How do I correctly reference the preprocessed output model's S3 URI in a SageMaker Pipeline?

0

Hello Experts!

I'm working on a SageMaker Pipeline poc that uses two custom containers: one for creating a preprocessing model and data, and another for inference to serve the model. I've defined various pipeline parameters and steps, including a data processing step and steps to create and register the model.(Forget inference for now) inference plays a role only when i register the model (I use the inference image URI that has the serve script) Additionally: I've tested both custom containers(model serving with flask and nginx and preprocessing with processing script inside it) locally and it works charm.

The issue arises when defining the step_create_model and register_step. The processor provides a location path to the preprocessing model, but not the specific model.pkg file.

Hardcoding the model's path (i.e., 's3://sagemaker-eu-west-1....../output/preprocessing_model/model.pkg') makes it work. Still, I'd like to dynamically reference the output from the processing step. I tried appending a string to processing_step.properties, but this method isn't supported.

XXXXX ClientError: Failed to invoke sagemaker:CreateModelPackage. Error Details: Cannot find S3 object: sagemaker-pipeline-2023-xx-xx-xx-xx-xx/xxxxx0aa4c/DataProcessing/output/preprocessing_model in bucket sagemaker-eu-west-1-xxxxxxxxxxxxx1. Please check if your S3 object exists and has proper permissions for SageMaker. XXXx

To reiterate, my use case involves creating a pipeline with two models (preprocessing and training). How can I dynamically reference the model's S3 URI, so I don't have to hardcode the path? Given the AWS guidelines, I've ensured not to include any confidential or personal information.

from sagemaker.clarify import BiasConfig, DataConfig, ModelConfig

# Parameters
region = 'eu-west-1'

processing_instance_count = ParameterInteger(name="ProcessingInstanceCount", default_value=1)

input_data = ParameterString(
    name="InputDataUrl",
    default_value=f"s3://sagemaker-eu-west-1-xxxxx/3xxxxxxx71xx1xxxx/PipelienUsecase/data/processing/input",
)

model_approval_status = ParameterString(name="ModelApprovalStatus", default_value="PendingManualApproval")

# for data quality check step
skip_check_data_quality = ParameterBoolean(name="SkipDataQualityCheck", default_value=False)
register_new_baseline_data_quality = ParameterBoolean(name="RegisterNewDataQualityBaseline", default_value=False)
supplied_baseline_statistics_data_quality = ParameterString(name="DataQualitySuppliedStatistics", default_value="")
supplied_baseline_constraints_data_quality = ParameterString(name="DataQualitySuppliedConstraints", default_value="")

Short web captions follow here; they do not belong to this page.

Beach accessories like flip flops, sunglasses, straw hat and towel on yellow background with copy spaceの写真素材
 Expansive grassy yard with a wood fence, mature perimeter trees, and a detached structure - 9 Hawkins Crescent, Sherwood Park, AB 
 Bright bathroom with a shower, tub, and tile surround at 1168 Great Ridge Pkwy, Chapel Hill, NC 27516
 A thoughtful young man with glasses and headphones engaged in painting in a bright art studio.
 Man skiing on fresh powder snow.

# for data bias check step
skip_check_data_bias = ParameterBoolean(name="SkipDataBiasCheck", default_value=False)
register_new_baseline_data_bias = ParameterBoolean(name="RegisterNewDataBiasBaseline", default_value=False)
supplied_baseline_constraints_data_bias = ParameterString(name="DataBiasSuppliedBaselineConstraints", default_value="")

# Setup
sagemaker_session = Session()
default_bucket = sagemaker_session.default_bucket()
base_job_prefix = "sagemaker/pipeline"
image_uri_processing = "xxxxxxxxx.dkr.ecr.eu-west-1.amazonaws.com/sagemaker-processing-container:latest"
image_uri_inference = "xxxxxxxxx.dkr.ecr.eu-west-1.amazonaws.com/sagemaker-processing-inference-container:latest"
model_package_group_name = "model-monitor-clarify-group-ashlin"

# Data Processing Step
processor = Processor(
    image_uri=image_uri_processing,
    sagemaker_session=pipeline_session,
    role=role,
    instance_count=processing_instance_count,
    instance_type="ml.c4.xlarge"
)

processing_step = ProcessingStep(
    name="DataProcessing",
    processor=processor,
    inputs=[ProcessingInput(source=input_data, destination='/opt/ml/processing/input/')],
    outputs=[ProcessingOutput(output_name="output", source="/opt/ml/processing/output/"),
             ProcessingOutput(output_name="preprocessing_model", source="/opt/ml/processing/model")]
)
...
...
...
sagemaker_model = Model(
    model_data = 's3://sagemaker-eu-west-1....../output/preprocessing_model/model.tar.gz',<-Hardcoded and it works as the processing job creates the model
    #processing_step.properties.ProcessingOutputConfig.Outputs["preprocessing_model"].S3Output.S3Uri,
    image_uri=image_uri_inference,
    sagemaker_session=pipeline_session,
    role=role,
)

from sagemaker.model import Model
step_create_model = ModelStep(
    name="ashlinspreprocessormodel",
    step_args=sagemaker_model.create(),#, accelerator_type="ml.eia1.medium" instance_type="ml.c4.large"
)

from sagemaker.workflow.step_collections import RegisterModel

register_step = RegisterModel(
 name="ashlinsprocessingmodel",
 model=sagemaker_model,
 content_types=["text/csv"],
 response_types=["text/csv"],
 inference_instances=["ml.c4.xlarge"],
 transform_instances=["ml.c4.xlarge"],
 model_package_group_name=model_package_group_name,
)

Tags: AWS, SageMaker, Pipeline, S3, Model

**Output of failure ** ClientError: Failed to invoke sagemaker:CreateModelPackage. Error Details: Cannot find S3 object: sagemaker-pipeline-2023-xx-xx-xx-xx-xx/xxxxx0aa4c/DataProcessing/output/preprocessing_model in bucket sagemaker-eu-west-1-xxxxxxxxxxxxx1. Please check if your S3 object exists and has proper permissions for SageMaker.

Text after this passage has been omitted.